Action item
Print every record exactly as it appears. Leave the pictures out.

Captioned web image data
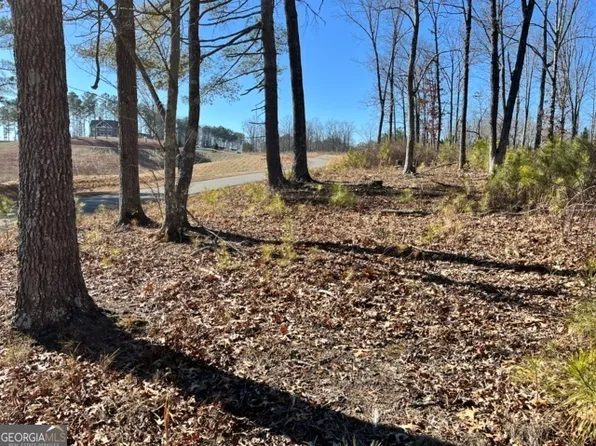 LOT 5 High River Rd, Ellijay, GA 30540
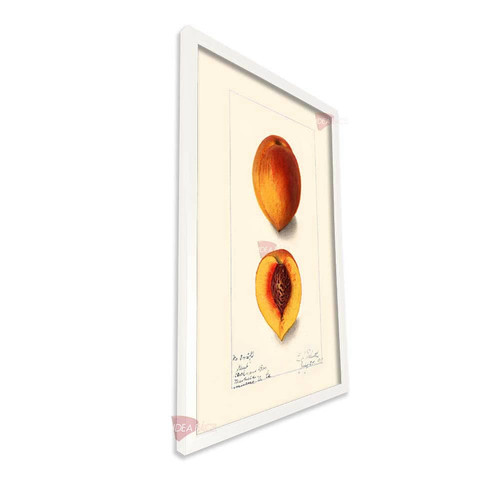 bl cocina vertical cvk98.jpg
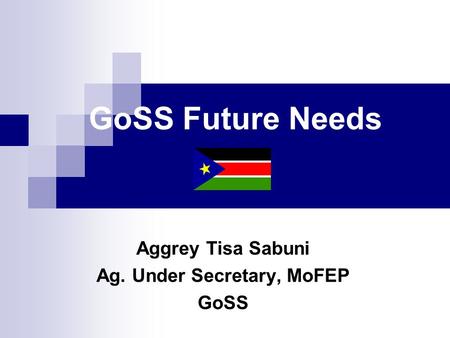 GoSS Future Needs Aggrey Tisa Sabuni Ag. Under Secretary, MoFEP GoSS.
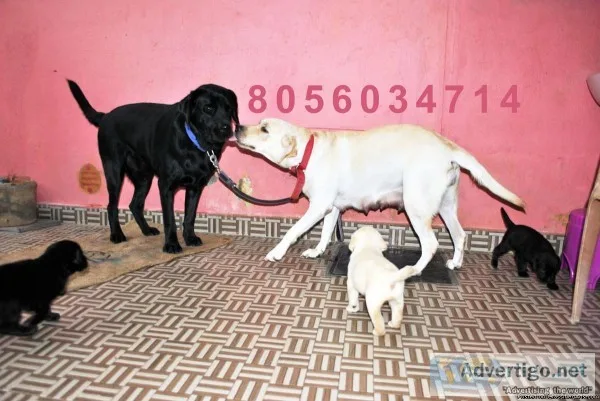 Apple head labrador high bird s puppies for sale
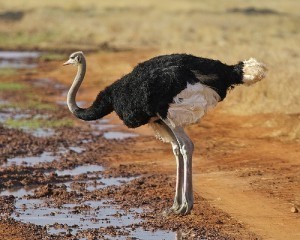 Biggest Bird Ever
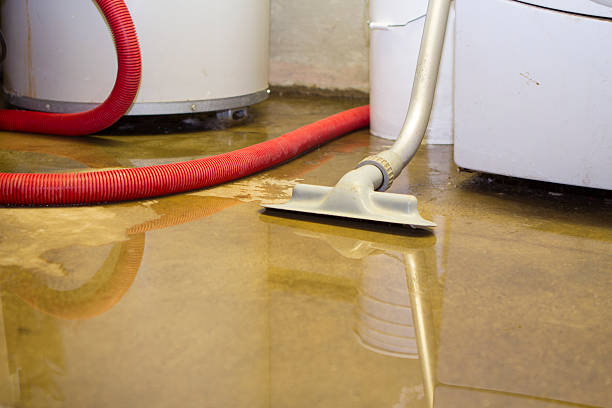 Best 24/7 water damage repair  in Templeton, CA
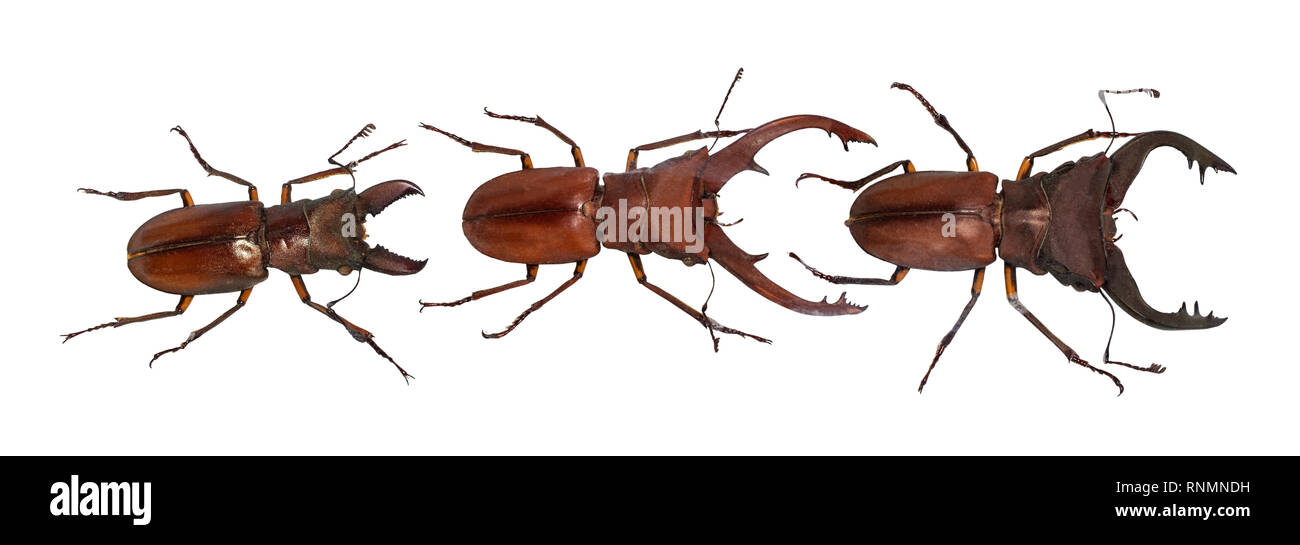 Beetle cyclommatus elaphus, isolated on white. Collection. With clipping path. Stock Photo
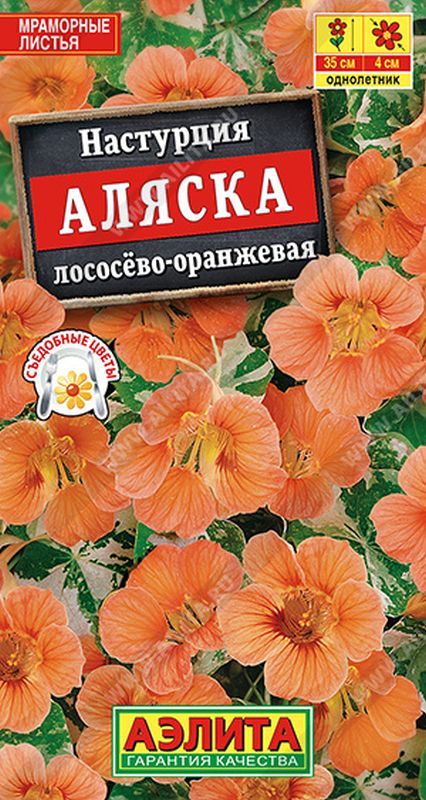 настурция аляска лососево-оранжевая семена, настурция аляска лососево-оранжевая семена купить
настурция аляска лососево-оранжевая семена, настурция аляска лососево-оранжевая семена купить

Task response
 LOT 5 High River Rd, Ellijay, GA 30540
 bl cocina vertical cvk98.jpg
 GoSS Future Needs Aggrey Tisa Sabuni Ag. Under Secretary, MoFEP GoSS.
 Apple head labrador high bird s puppies for sale
 Biggest Bird Ever
 Best 24/7 water damage repair  in Templeton, CA
 Beetle cyclommatus elaphus, isolated on white. Collection. With clipping path. Stock Photo
 настурция аляска лососево-оранжевая семена, настурция аляска лососево-оранжевая семена купить
настурция аляска лососево-оранжевая семена, настурция аляска лососево-оранжевая семена купить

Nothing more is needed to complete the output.